何の変哲もない飯茶碗です。
径 10.8㎝、高台径 4.1㎝、高 6.7㎝。幕末。
細かな模様が、型摺りで全面に表されています。
内側にも摺り模様。
型摺りでは、模様を彫った紙型を器にあてがい、顔料(今回は呉須)を摺りこみ、焼成します。所々に合わせ目があるので、まぎれもなく型紙摺ですね。
縁の欠けを、コクソ漆で埋めたままです。ここから金蒔絵に至るまでの作業が大変。20年近く、放ってあったので漆はカンカンに乾いているはずです。冬の仕事がまた一つ増えました(^^;
さて、この平凡な飯茶碗をどうして買ったのか?
その理由はただ一つ、蓋に描かれた文字です。
「巨鹿(きょろく)城製」とあります。
巨鹿城は、大垣城の別名です。関ケ原の戦いでは、石田三成が最初に陣を張っていた所です。関ケ原へ移動せず、ここを本拠地にして戦ったなら、西軍が勝利したかも知れませんね(歴史にifは無しか(^^;) 江戸時代は、戸田氏の居城として使われ、明治維新をむかえました。地理的に重要な位置にある戸田藩は、維新の動乱に巻き込まれていきました。
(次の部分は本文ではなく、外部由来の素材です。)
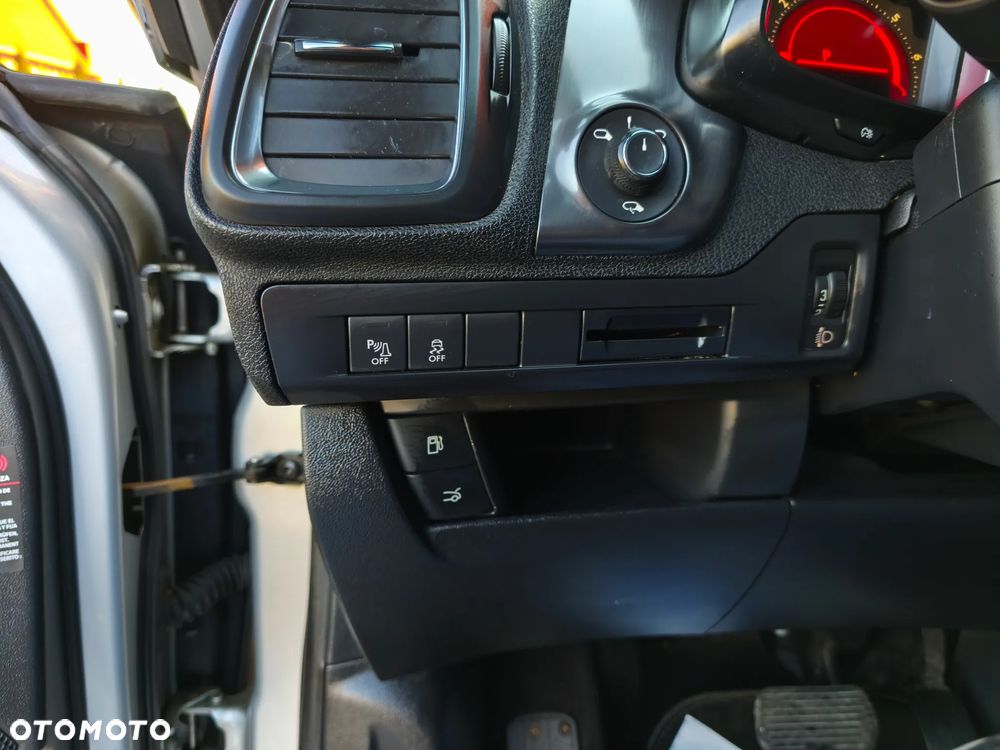 Citroën DS5 HDi 165 Business - 19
その頃、大垣城内で焼かれたのが巨鹿城焼です。城内で使う品を焼いていたと言われていますが、稼働期間が短く、品物もほとんど残っていないので、詳しい事はわかっていません。大垣城横の郷土館(小規模な博物館)で、朝鮮通信使関係の品や別府細工とともに、この品と同じ茶碗が一個だけ、巨鹿城焼として、ポツンと展示されています。
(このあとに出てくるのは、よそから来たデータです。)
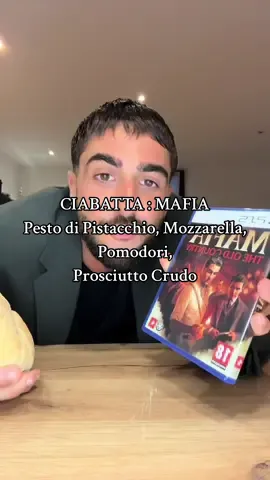 Fratello, le jeu @Mafia: The Old Country  est enfin sorti, quoi de mieux que de se faire une Ciabatta de vrai mafieux pour le tester 😎🇮🇹 N’hésite surtout pas à l’acheter, je te laisse le lien pour te le procurer ici et en description sur mon profil tiktok :  https://2kgam.es/456BXWF 🥪: Pesto di Pistacchio, Mozzarella, Pomodoro e Prosciutto Crudo  #sandwich #cumpariluca #mafia #ps5 #game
地元では、大垣城が巨鹿城と呼ばれていたと知る人は少なく、巨鹿城焼に至っては、聞いた事すら無い人がほとんどです。加藤唐九郎の原色陶器大辞典にも載っていないマイナーな窯です。
私は、今回の品を、東京の骨董屋の軒下のゾッキ箱(そんな名の箱はありませんが、ハンパ品、疵物などゴチャゴチャ入れてある(^^;)の中から見つけました。